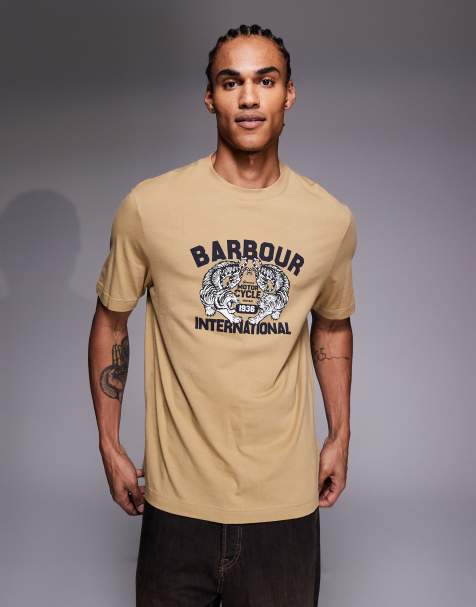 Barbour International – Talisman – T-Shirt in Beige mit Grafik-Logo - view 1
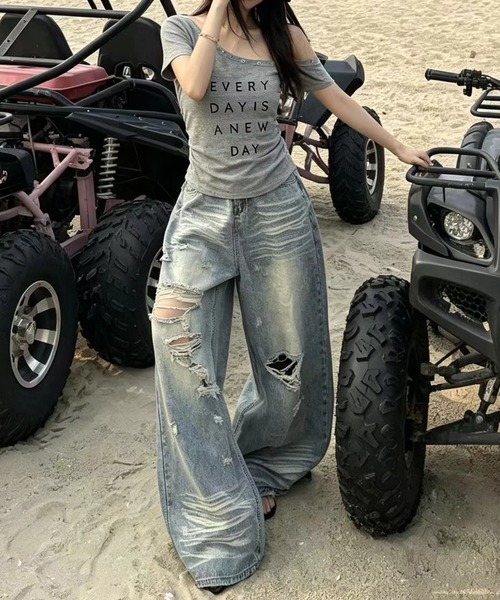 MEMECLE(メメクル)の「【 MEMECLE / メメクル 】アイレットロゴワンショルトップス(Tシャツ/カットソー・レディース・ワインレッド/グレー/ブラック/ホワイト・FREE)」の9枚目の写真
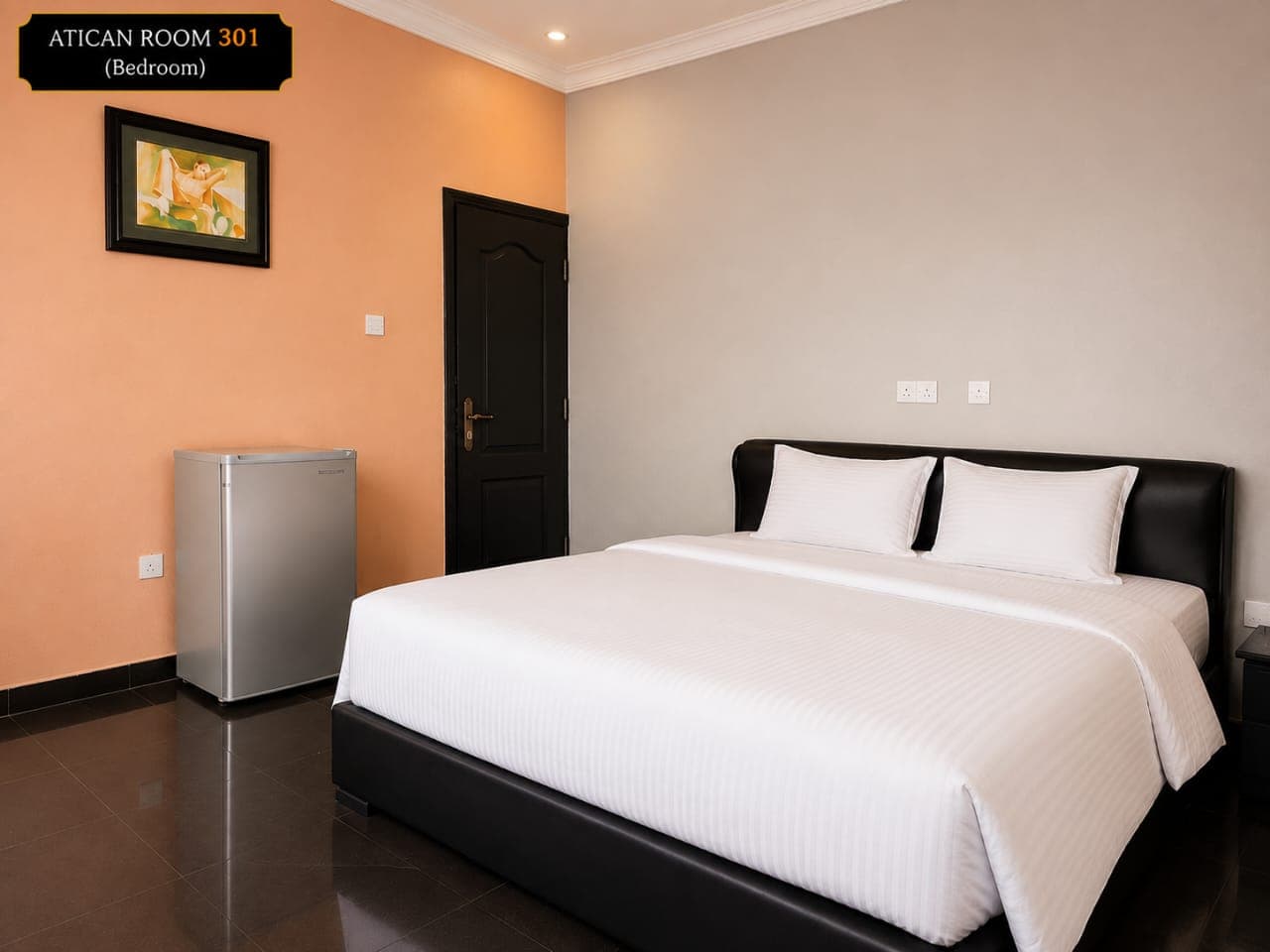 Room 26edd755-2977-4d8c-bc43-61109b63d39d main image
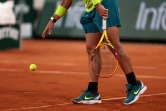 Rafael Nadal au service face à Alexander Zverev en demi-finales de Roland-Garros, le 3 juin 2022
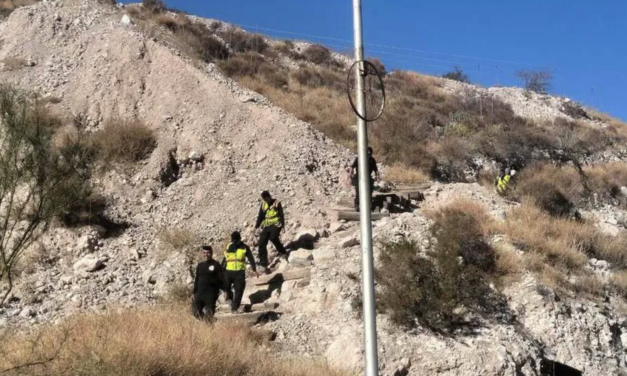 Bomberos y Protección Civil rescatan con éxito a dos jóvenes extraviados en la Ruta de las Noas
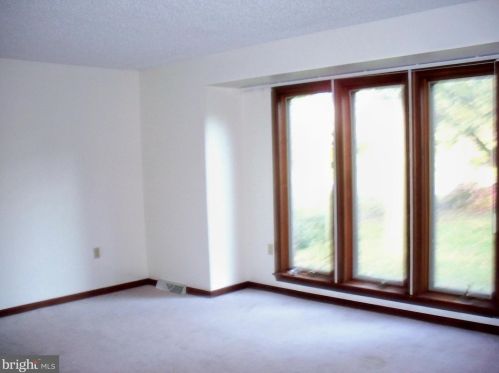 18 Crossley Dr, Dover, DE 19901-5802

> **WHAT THE TASK REQUIRES**:
Leave the pictures out and copy exactly the lines from the one that holds "MEMECLE(メメクル)の「【 MEMECLE /" through the last line of the material.

> **SOLUTION TO THIS TASK**:
 MEMECLE(メメクル)の「【 MEMECLE / メメクル 】アイレットロゴワンショルトップス(Tシャツ/カットソー・レディース・ワインレッド/グレー/ブラック/ホワイト・FREE)」の9枚目の写真
 Room 26edd755-2977-4d8c-bc43-61109b63d39d main image
 Rafael Nadal au service face à Alexander Zverev en demi-finales de Roland-Garros, le 3 juin 2022
 Bomberos y Protección Civil rescatan con éxito a dos jóvenes extraviados en la Ruta de las Noas
 18 Crossley Dr, Dover, DE 19901-5802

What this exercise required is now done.